(Records for the exercise)
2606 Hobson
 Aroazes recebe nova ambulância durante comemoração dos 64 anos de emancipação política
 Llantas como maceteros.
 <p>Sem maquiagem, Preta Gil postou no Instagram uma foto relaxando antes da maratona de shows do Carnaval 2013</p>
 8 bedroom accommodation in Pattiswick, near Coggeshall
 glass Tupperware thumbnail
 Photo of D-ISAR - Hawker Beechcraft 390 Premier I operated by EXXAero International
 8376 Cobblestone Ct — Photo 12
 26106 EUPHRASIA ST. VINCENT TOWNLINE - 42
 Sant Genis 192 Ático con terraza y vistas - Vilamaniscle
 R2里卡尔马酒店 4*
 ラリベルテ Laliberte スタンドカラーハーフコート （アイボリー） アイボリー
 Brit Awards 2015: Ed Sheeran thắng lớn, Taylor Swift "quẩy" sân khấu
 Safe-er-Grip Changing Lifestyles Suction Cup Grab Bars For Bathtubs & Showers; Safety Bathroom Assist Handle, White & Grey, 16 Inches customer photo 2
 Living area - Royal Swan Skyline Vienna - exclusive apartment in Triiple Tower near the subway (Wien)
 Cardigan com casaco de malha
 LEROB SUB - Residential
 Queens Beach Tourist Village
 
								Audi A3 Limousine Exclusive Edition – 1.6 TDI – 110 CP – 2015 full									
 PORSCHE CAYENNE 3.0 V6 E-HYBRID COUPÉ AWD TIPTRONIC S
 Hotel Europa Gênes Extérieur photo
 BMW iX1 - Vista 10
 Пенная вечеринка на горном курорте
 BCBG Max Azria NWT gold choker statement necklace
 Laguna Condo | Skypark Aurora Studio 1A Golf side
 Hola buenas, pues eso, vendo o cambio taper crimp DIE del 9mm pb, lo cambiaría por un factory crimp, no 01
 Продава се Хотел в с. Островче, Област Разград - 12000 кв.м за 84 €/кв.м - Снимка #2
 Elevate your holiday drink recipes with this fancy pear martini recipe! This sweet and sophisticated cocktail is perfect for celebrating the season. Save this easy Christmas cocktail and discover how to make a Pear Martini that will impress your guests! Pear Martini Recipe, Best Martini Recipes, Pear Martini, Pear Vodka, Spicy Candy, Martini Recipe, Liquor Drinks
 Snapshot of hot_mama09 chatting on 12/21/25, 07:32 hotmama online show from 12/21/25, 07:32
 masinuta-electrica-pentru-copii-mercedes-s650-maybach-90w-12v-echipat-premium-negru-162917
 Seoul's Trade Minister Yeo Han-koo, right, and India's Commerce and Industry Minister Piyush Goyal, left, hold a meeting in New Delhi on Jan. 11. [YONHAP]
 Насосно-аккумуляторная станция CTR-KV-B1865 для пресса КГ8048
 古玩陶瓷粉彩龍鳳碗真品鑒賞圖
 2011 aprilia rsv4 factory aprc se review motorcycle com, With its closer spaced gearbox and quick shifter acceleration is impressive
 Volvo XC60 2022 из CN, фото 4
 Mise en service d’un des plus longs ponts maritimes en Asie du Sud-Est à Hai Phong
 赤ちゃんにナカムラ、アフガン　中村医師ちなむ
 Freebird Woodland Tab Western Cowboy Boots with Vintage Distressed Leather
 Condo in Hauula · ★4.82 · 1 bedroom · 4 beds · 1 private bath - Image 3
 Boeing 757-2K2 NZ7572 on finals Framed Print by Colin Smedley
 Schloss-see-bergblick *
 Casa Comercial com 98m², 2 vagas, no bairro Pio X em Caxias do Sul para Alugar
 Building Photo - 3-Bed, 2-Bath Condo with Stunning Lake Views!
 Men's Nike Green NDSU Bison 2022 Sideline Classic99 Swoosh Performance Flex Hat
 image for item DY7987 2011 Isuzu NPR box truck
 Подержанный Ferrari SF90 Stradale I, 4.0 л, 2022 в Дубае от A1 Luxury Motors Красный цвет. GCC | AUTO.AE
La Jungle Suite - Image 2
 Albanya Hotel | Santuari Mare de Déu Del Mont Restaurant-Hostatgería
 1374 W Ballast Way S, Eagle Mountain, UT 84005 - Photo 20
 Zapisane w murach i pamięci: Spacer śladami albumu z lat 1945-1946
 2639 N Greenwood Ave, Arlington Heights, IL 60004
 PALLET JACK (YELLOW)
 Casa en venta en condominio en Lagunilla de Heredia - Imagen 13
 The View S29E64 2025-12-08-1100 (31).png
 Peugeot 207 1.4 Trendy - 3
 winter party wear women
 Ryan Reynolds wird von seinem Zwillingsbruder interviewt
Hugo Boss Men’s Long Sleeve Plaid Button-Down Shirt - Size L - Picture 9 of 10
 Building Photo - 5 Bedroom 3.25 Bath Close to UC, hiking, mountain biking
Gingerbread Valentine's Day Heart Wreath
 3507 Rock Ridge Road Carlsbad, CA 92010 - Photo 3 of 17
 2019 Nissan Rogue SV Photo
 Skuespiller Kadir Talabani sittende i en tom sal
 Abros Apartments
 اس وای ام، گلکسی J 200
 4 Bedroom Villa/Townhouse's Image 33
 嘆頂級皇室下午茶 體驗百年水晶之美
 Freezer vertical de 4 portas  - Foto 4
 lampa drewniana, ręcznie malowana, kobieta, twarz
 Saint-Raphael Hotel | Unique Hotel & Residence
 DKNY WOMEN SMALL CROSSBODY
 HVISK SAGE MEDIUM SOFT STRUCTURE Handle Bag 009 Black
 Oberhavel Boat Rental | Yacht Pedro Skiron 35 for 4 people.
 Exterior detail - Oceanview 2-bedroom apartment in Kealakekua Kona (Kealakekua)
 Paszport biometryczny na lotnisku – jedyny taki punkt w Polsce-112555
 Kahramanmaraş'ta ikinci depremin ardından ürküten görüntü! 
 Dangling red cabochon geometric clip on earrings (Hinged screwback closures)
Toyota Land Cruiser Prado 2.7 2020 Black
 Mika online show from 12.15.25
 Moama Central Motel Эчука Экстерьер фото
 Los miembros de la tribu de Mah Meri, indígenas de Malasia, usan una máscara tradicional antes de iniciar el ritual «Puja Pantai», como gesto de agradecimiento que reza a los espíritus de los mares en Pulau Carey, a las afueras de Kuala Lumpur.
(End Records for the exercise)
● **Task description**: Keep every word the same and copy out all of the entries.

● **Completed task**:
2606 Hobson
 Aroazes recebe nova ambulância durante comemoração dos 64 anos de emancipação política
 Llantas como maceteros.
 <p>Sem maquiagem, Preta Gil postou no Instagram uma foto relaxando antes da maratona de shows do Carnaval 2013</p>
 8 bedroom accommodation in Pattiswick, near Coggeshall
 glass Tupperware thumbnail
 Photo of D-ISAR - Hawker Beechcraft 390 Premier I operated by EXXAero International
 8376 Cobblestone Ct — Photo 12
 26106 EUPHRASIA ST. VINCENT TOWNLINE - 42
 Sant Genis 192 Ático con terraza y vistas - Vilamaniscle
 R2里卡尔马酒店 4*
 ラリベルテ Laliberte スタンドカラーハーフコート （アイボリー） アイボリー
 Brit Awards 2015: Ed Sheeran thắng lớn, Taylor Swift "quẩy" sân khấu
 Safe-er-Grip Changing Lifestyles Suction Cup Grab Bars For Bathtubs & Showers; Safety Bathroom Assist Handle, White & Grey, 16 Inches customer photo 2
 Living area - Royal Swan Skyline Vienna - exclusive apartment in Triiple Tower near the subway (Wien)
 Cardigan com casaco de malha
 LEROB SUB - Residential
 Queens Beach Tourist Village
 
								Audi A3 Limousine Exclusive Edition – 1.6 TDI – 110 CP – 2015 full									
 PORSCHE CAYENNE 3.0 V6 E-HYBRID COUPÉ AWD TIPTRONIC S
 Hotel Europa Gênes Extérieur photo
 BMW iX1 - Vista 10
 Пенная вечеринка на горном курорте
 BCBG Max Azria NWT gold choker statement necklace
 Laguna Condo | Skypark Aurora Studio 1A Golf side
 Hola buenas, pues eso, vendo o cambio taper crimp DIE del 9mm pb, lo cambiaría por un factory crimp, no 01
 Продава се Хотел в с. Островче, Област Разград - 12000 кв.м за 84 €/кв.м - Снимка #2
 Elevate your holiday drink recipes with this fancy pear martini recipe! This sweet and sophisticated cocktail is perfect for celebrating the season. Save this easy Christmas cocktail and discover how to make a Pear Martini that will impress your guests! Pear Martini Recipe, Best Martini Recipes, Pear Martini, Pear Vodka, Spicy Candy, Martini Recipe, Liquor Drinks
 Snapshot of hot_mama09 chatting on 12/21/25, 07:32 hotmama online show from 12/21/25, 07:32
 masinuta-electrica-pentru-copii-mercedes-s650-maybach-90w-12v-echipat-premium-negru-162917
 Seoul's Trade Minister Yeo Han-koo, right, and India's Commerce and Industry Minister Piyush Goyal, left, hold a meeting in New Delhi on Jan. 11. [YONHAP]
 Насосно-аккумуляторная станция CTR-KV-B1865 для пресса КГ8048
 古玩陶瓷粉彩龍鳳碗真品鑒賞圖
 2011 aprilia rsv4 factory aprc se review motorcycle com, With its closer spaced gearbox and quick shifter acceleration is impressive
 Volvo XC60 2022 из CN, фото 4
 Mise en service d’un des plus longs ponts maritimes en Asie du Sud-Est à Hai Phong
 赤ちゃんにナカムラ、アフガン　中村医師ちなむ
 Freebird Woodland Tab Western Cowboy Boots with Vintage Distressed Leather
 Condo in Hauula · ★4.82 · 1 bedroom · 4 beds · 1 private bath - Image 3
 Boeing 757-2K2 NZ7572 on finals Framed Print by Colin Smedley
 Schloss-see-bergblick *
 Casa Comercial com 98m², 2 vagas, no bairro Pio X em Caxias do Sul para Alugar
 Building Photo - 3-Bed, 2-Bath Condo with Stunning Lake Views!
 Men's Nike Green NDSU Bison 2022 Sideline Classic99 Swoosh Performance Flex Hat
 image for item DY7987 2011 Isuzu NPR box truck
 Подержанный Ferrari SF90 Stradale I, 4.0 л, 2022 в Дубае от A1 Luxury Motors Красный цвет. GCC | AUTO.AE
La Jungle Suite - Image 2
 Albanya Hotel | Santuari Mare de Déu Del Mont Restaurant-Hostatgería
 1374 W Ballast Way S, Eagle Mountain, UT 84005 - Photo 20
 Zapisane w murach i pamięci: Spacer śladami albumu z lat 1945-1946
 2639 N Greenwood Ave, Arlington Heights, IL 60004
 PALLET JACK (YELLOW)
 Casa en venta en condominio en Lagunilla de Heredia - Imagen 13
 The View S29E64 2025-12-08-1100 (31).png
 Peugeot 207 1.4 Trendy - 3
 winter party wear women
 Ryan Reynolds wird von seinem Zwillingsbruder interviewt
Hugo Boss Men’s Long Sleeve Plaid Button-Down Shirt - Size L - Picture 9 of 10
 Building Photo - 5 Bedroom 3.25 Bath Close to UC, hiking, mountain biking
Gingerbread Valentine's Day Heart Wreath
 3507 Rock Ridge Road Carlsbad, CA 92010 - Photo 3 of 17
 2019 Nissan Rogue SV Photo
 Skuespiller Kadir Talabani sittende i en tom sal
 Abros Apartments
 اس وای ام، گلکسی J 200
 4 Bedroom Villa/Townhouse's Image 33
 嘆頂級皇室下午茶 體驗百年水晶之美
 Freezer vertical de 4 portas  - Foto 4
 lampa drewniana, ręcznie malowana, kobieta, twarz
 Saint-Raphael Hotel | Unique Hotel & Residence
 DKNY WOMEN SMALL CROSSBODY
 HVISK SAGE MEDIUM SOFT STRUCTURE Handle Bag 009 Black
 Oberhavel Boat Rental | Yacht Pedro Skiron 35 for 4 people.
 Exterior detail - Oceanview 2-bedroom apartment in Kealakekua Kona (Kealakekua)
 Paszport biometryczny na lotnisku – jedyny taki punkt w Polsce-112555
 Kahramanmaraş'ta ikinci depremin ardından ürküten görüntü! 
 Dangling red cabochon geometric clip on earrings (Hinged screwback closures)
Toyota Land Cruiser Prado 2.7 2020 Black
 Mika online show from 12.15.25
 Moama Central Motel Эчука Экстерьер фото
 Los miembros de la tribu de Mah Meri, indígenas de Malasia, usan una máscara tradicional antes de iniciar el ritual «Puja Pantai», como gesto de agradecimiento que reza a los espíritus de los mares en Pulau Carey, a las afueras de Kuala Lumpur.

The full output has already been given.